Processing file1.csv now.
['Sepal.Length', 'Sepal.Width', 'Petal.Length', 'Petal.Width', 'Species']
['5.1', '3.5', '1.4', '0.2', 'setosa']
['4.9', '3', '1.4', '0.2', 'setosa']
['4.7', '3.2', '1.3', '0.2', 'setosa']
Processing file2.csv now.
['Sepal.Length', 'Sepal.Width', 'Petal.Length', 'Petal.Width', 'Species']
['5.1', '3.5', '1.4', '0.2', 'setosa']
['4.9', '3', '1.4', '0.2', 'setosa']
['4.7', '3.2', '1.3', '0.2', 'setosa']
Processing file3.csv now.
['5.1', '3.5', '1.4', '0.2', 'setosa']
['4.9', '3', '1.4', '0.2', 'setosa']
['4.7', '3.2', '1.3', '0.2', 'setosa']
Processing file4.csv now.
['5.1', '3.5', '1.4', '0.2', 'setosa']
['4.9', '3', '1.4', '0.2', 'setosa']
['4.7', '3.2', '1.3', '0.2', 'setosa']
Processing file5.csv now.
['Sepal.Length', 'Sepal.Width', 'Petal.Length', 'Petal.Width', 'Species']
['5.1', '3.5', '1.4', '0.2', 'setosa']
['4.9', '3', '1.4', '0.2', 'setosa']
['4.7', '3.2', '1.3', '0.2', 'setosa']
Processing file6.csv now.
['5.1', '3.5', '1.4', '0.2', 'setosa']
['4.9', 

In [120]:
input_file.name

'file1.csv'

## Checking for delimiters

Now that we can get inside these files, let's test for delimiters. First do some Googling and see if you can come up with some good approaches. 

---

Some dead space to make it easier to not peek ahead. Practice the searching!

---

For real!

---

Okay, let's get on with it.

The `csv` module has a super-useful function called `sniffer`. It'll just let you test for delimiters.

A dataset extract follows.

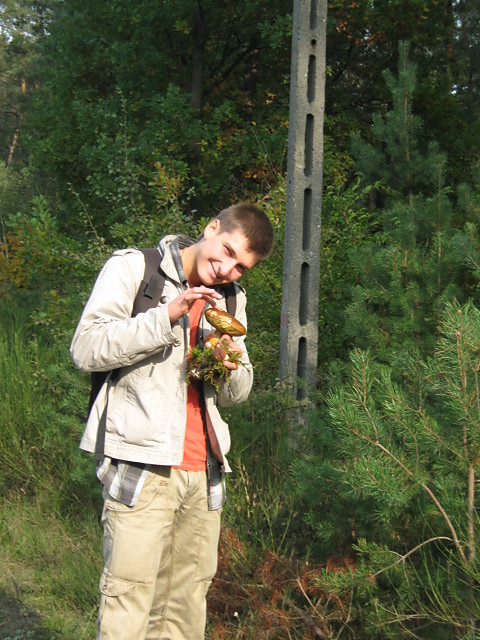 grzybki :)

Let's see it in action. (Also, we're going to store the delimiters in a dictionary keyed to file name so that we can use them later.)

In [89]:
import csv

delimiters = dict() 

# Start by reading in all the files again.

for this_zf in zip_files :
    with ZipFile("data/" + this_zf,'r') as zf :
        zipped_files = zf.namelist()

        for file_name in zipped_files :
            input_file = zf.open(file_name,'r')
            input_file = io.TextIOWrapper(input_file,encoding="utf-8")
            
            dialect = csv.Sniffer().sniff(sample=input_file.readline(),
                                          delimiters=[",",";","\t"])
            
            delimiters[file_name] = dialect.delimiter
            
            print(" ".join(["It looks like",
                           file_name,
                           "has delimiter",
                           dialect.delimiter,
                           "."]))

            input_file.close() # tidy up

It looks like file1.csv has delimiter 	 .
It looks like file2.csv has delimiter , .
It looks like file3.csv has delimiter , .
It looks like file4.csv has delimiter ; .
It looks like file5.csv has delimiter , .
It looks like file6.csv has delimiter , .
It looks like file7.csv has delimiter ; .


Let's read through this and try to interpret what's going on. 

## Checking for Headers

Now that we can find the delimiters, let's check for the presence of headers. First, let's 
just split the first line based on the delimiter and print that out. 

In [None]:
for this_zf in zip_files :
    with ZipFile("data/" + this_zf,'r') as zf :
        zipped_files = zf.namelist()

        for file_name in zipped_files :
            input_file = zf.open(file_name,'r')
            input_file = io.TextIOWrapper(input_file,encoding="utf-8")
            
            this_delimiter = delimiters[file_name]
            
            for line in input_file :
                print(line.strip().split(this_delimiter))
                break

            input_file.close() # tidy up

Now rewrite the above cell so that you test for the presence of a header row and write out the True or False value.

In [None]:
# your code here

##  Mix of Quotes and Not

There are some simple ways we can probably deal with quotes for the Wedge. If we get here, we'll discuss.